Segment Start: Given data
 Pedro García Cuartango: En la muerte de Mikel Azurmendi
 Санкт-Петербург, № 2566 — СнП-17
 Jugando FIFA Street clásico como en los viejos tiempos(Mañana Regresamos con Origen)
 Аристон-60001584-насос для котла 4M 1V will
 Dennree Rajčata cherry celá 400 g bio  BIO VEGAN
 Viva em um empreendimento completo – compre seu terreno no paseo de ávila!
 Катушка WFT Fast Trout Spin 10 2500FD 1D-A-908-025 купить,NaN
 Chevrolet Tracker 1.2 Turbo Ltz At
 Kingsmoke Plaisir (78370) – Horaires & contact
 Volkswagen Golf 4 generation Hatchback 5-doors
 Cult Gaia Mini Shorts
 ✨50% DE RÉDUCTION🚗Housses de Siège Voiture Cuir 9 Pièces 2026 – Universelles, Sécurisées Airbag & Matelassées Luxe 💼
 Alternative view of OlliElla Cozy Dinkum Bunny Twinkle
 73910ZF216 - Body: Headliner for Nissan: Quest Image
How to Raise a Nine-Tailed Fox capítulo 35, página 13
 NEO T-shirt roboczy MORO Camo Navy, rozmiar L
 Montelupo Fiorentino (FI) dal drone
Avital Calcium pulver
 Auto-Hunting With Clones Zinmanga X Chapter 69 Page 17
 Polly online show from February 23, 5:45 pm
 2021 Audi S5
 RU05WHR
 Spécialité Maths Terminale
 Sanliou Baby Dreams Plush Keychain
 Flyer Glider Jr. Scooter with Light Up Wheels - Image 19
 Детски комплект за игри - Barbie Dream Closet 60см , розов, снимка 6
Segment End: Given data
--- Directions for this task ---
Only those lines of the entries above that run from the line containing "Volkswagen Golf 4" to the line containing "73910ZF216 - Body: Headliner", both included, should be transcribed exactly.

--- Reply to the exercise ---
 Volkswagen Golf 4 generation Hatchback 5-doors
 Cult Gaia Mini Shorts
 ✨50% DE RÉDUCTION🚗Housses de Siège Voiture Cuir 9 Pièces 2026 – Universelles, Sécurisées Airbag & Matelassées Luxe 💼
 Alternative view of OlliElla Cozy Dinkum Bunny Twinkle
 73910ZF216 - Body: Headliner for Nissan: Quest Image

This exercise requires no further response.